Feds: Be Aware Of Human Trafficking Signs As Detroit Auto Show Opens
DETROIT (WWJ) - With the North American International Auto Show opening Saturday at Detroit’s Cobo Center, federal authorities warning the public about several common human trafficking indicators because demand for commercial sex services increases around high-profile events.
Agents say human trafficking is one of the most heinous crimes that U.S. Immigration and Customs Enforcement’s Homeland Security (HSI) investigates. In its worst manifestation, human trafficking is akin to modern-day slavery. Victims pay to be illegally transported into the United States only to find themselves in the thrall of traffickers. They are forced into prostitution, involuntary labor and other forms of servitude to repay debts – often after entry in the United States, officials say.
In certain cases, the victims are mere children. They find themselves surrounded by an unfamiliar culture and language without identification documents, fearing for their lives and the lives of their families. And sex traffickers don’t just target foreign nationals for exploitation; many traffickers ensnare American born victims.
To bring awareness to this issue, HSI has partnered with the U.S. Attorney’s Office to educate the public on key human trafficking indicators.
“Victims and their families are often intimidated into compliance with the threat of violence and other forms of abusive coercion,” special agent Marlon Miller said in a statement. “An educated public can help law enforcement rescue individuals in these situations and ensure those committing these acts are brought to justice.”

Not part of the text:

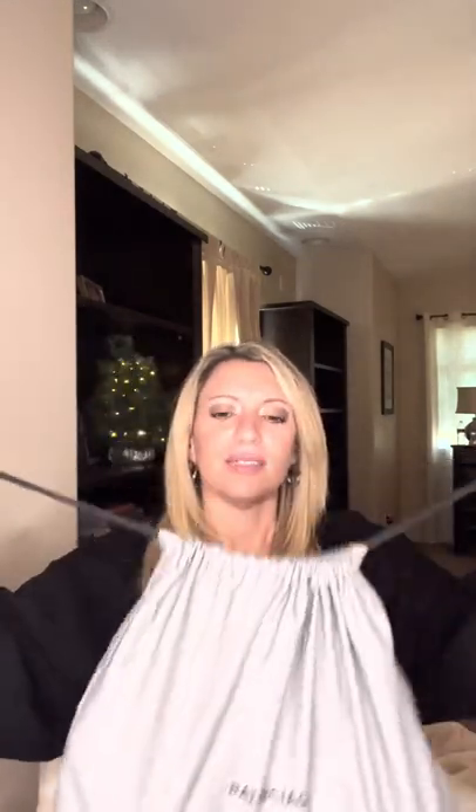So it comes in this bag right here — this is the dust bag. It did not come in a box. I know, like Saint Laurent doesn't come in a box either, and I don't think the Balenciaga bag comes in a box. But this is the bag.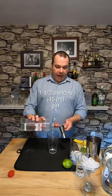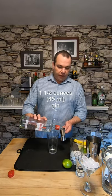We're gonna go back to the old school recipe, except I'm gonna use real lime juice and simple syrup. Let's start with an ounce and a half of Beefeater London Dry Gin.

Recognizing key indicators of human trafficking is necessary to identify victims and can help save a life, Miller said. Not all indicators listed below are present in every human trafficking situation, and the presence or absence of any of the indicators is not necessarily proof of human trafficking.
HSI urges the public not attempt to confront a suspected trafficker directly or alert a victim to any suspicions. Instead, call 911.
· Does the person appear disconnected from family, friends, community organizations or houses of worship?
· Has a child stopped attending school?
· Has the person had a sudden or dramatic change in behavior?
· Is a juvenile engaged in commercial sex acts?
· Is the person disoriented or confused, or showing signs of mental or physical abuse?
· Does the person have bruises in various stages of healing?
· Is the person fearful, timid or submissive?
· Does the person show signs of having been denied food, water, sleep or medical care?
· Is the person often in the company of someone to whom he or she defers? Or someone who seems to be in control of the situation, e.g., where they go or who they talk to?
· Does the person appear to be coached on what to say?
· Is the person living in unsuitable conditions?
· Does the person lack personal possessions and appear not to have a stable living situation?
· Does the person have freedom of movement? Can the person freely leave where they live? Are there unreasonable security measures?
Anyone who notices suspicious activity is urged to contact HSI through its tip line at 1-866-DHS-2-ICE or www.ice.gov/tips.